If things don't improve soon with the L186 OTA issues here I plan to disable OTA for the 921 this weekend for awhile. Currently I'm testing the 921 absent my appliance timer once a day reboot. These types of tests take days to run.


----------



## SimpleSimon (Jan 15, 2004)

Don: Well, again, I'm 100% Sat/Sat, and find the pads very useful on recurring timers during primetime when sometimes I'll add a one-shot event. The padding adjusts on-the-fly.

The algorithms could've been made smarter if Eldon had given it an extra 5 minutes thought, but we know how that goes. It appears that tuner selection is random (it's not - it just looks that way). If they'd bothered to see what the overlapping events were actually doing, there'd be a lot fewer conflicts.

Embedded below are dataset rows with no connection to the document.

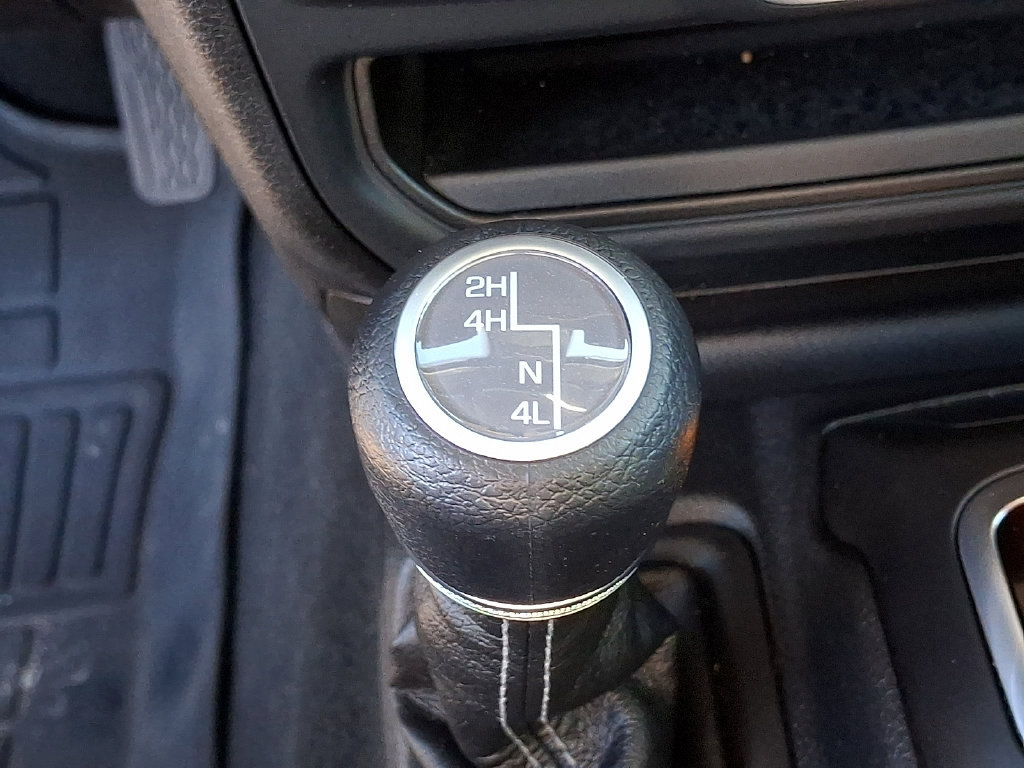 Used 2025 Jeep Wrangler Sport AWD/4WD image 20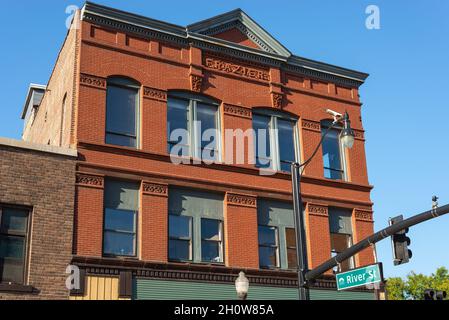 Ancien bâtiment dans la ville du Midwest.Aurora, Illinois, États-Unis Banque D'Images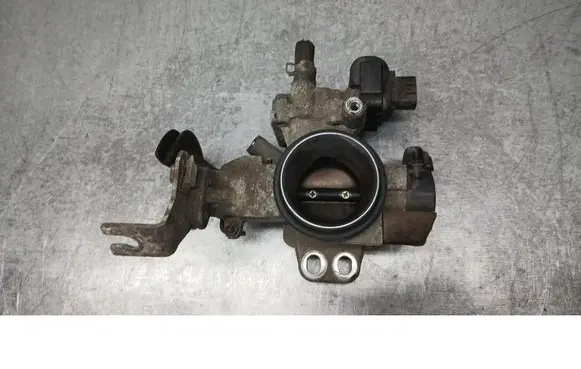 Toyota Yaris Verso Throttle valve 1368001480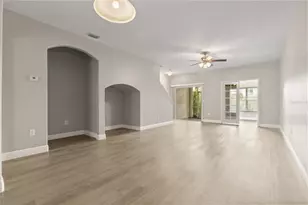 3471 High Hampton Cir, Tampa, FL 33610 - Photo 8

Sigh. There was just SO much that could've been done - and with the 721, too.


----------



## tahoerob (Mar 22, 2003)

PIP does NOT work for HD or OTA DTV. There is a limit to hard drive buffering or somthing like that!
Thus, can only PIP SD channels


----------



## SimpleSimon (Jan 15, 2004)

Actually, it's NOT the HDD buffers, data rate, or anything like that - several of us beat that horse to death and into dog food a few months back. 

There IS a limitation on the video rendering hardware that seems to be the culprit.


----------



## tahoerob (Mar 22, 2003)

SimpleSimon said:


> Actually, it's NOT the HDD buffers, data rate, or anything like that - several of us beat that horse to death and into dog food a few months back.
> 
> There IS a limitation on the video rendering hardware that seems to be the culprit.

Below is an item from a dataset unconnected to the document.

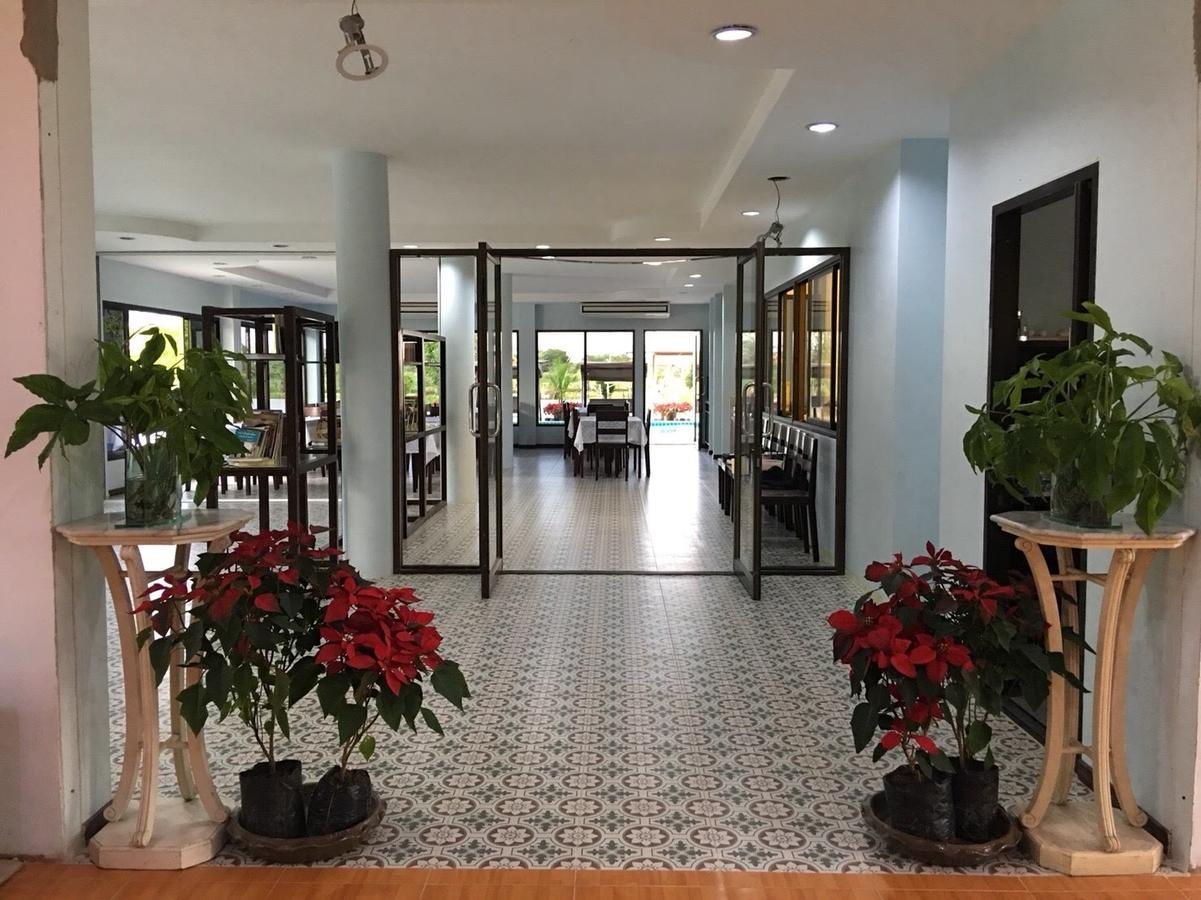 Menam Resort 나콘빠톰 외부 사진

Sounds like a job for Nvidia or ATI then


----------



## joebird (Sep 15, 2003)

On a related note, I've found that I can't do something which seems basic. Sorry if this has been covered before, I'm a fairly new owner of a 921. So we have 2 tuners with 3 inputs (1 OTA and 2 sat). If I'm watching a sat or OTA channel, and hit the 'record' button (to continue recording until the show is over or else just manually stop it later) the recording starts as expected. But then (with only that 1 program recording), it will not let me change the channel to another tuner (i.e. OTA if I've just started a sat recording, or vice-versa).

If I start an OTA tuner recording, why wouldn't it let me change the channel to watch a sat channel from the other tuner?


----------



## dishbacker (Jun 15, 2004)

joebird said:


> On a related note, I've found that I can't do something which seems basic. Sorry if this has been covered before, I'm a fairly new owner of a 921. So we have 2 tuners with 3 inputs (1 OTA and 2 sat). If I'm watching a sat or OTA channel, and hit the 'record' button (to continue recording until the show is over or else just manually stop it later) the recording starts as expected. But then (with only that 1 program recording), it will not let me change the channel to another tuner (i.e. OTA if I've just started a sat recording, or vice-versa).
> 
> If I start an OTA tuner recording, why wouldn't it let me change the channel to watch a sat channel from the other tuner?


Known bug. Occurs when you have a timer running that is set with a 'manual stop', which will happen with any manually started OTA recording, or if you do a SAT manual record, select options, and select 'manual stop'. If you go create a timer for your OTA event via menu-7, then you can switch away from it while it still records and watch something else.


----------



## Mark Lamutt (Mar 24, 2002)

DonLandis said:


> While I respect everything Mark has told us, I tried his no touch on the pads and began to have same old conflict issues again. I believe he is working with only one 921 and that one is always on some other software than what we have. I would think that would make it difficult to verify much of our reports here. In addition, Mark has hinted that the release is not always the same as the software that he has tested. For some reason it ends up some combination for what we get. Hopefully he is allowed to clarify the above but this is my understanding.


The "Don't touch the pad times" statement is meant primarily for weekly timers, although I personally have had better results getting the timers to fire over the various software versions just leaving them alone.

As for the other two points, sometimes both are the case, sometimes they aren't. I'm usually on the same software version you all are on for a week or so after the public release. About features or fixes being in the betas and not in the release versions (so far), this is also sometimes the case, but not always. And that one I can't be more specific about.


----------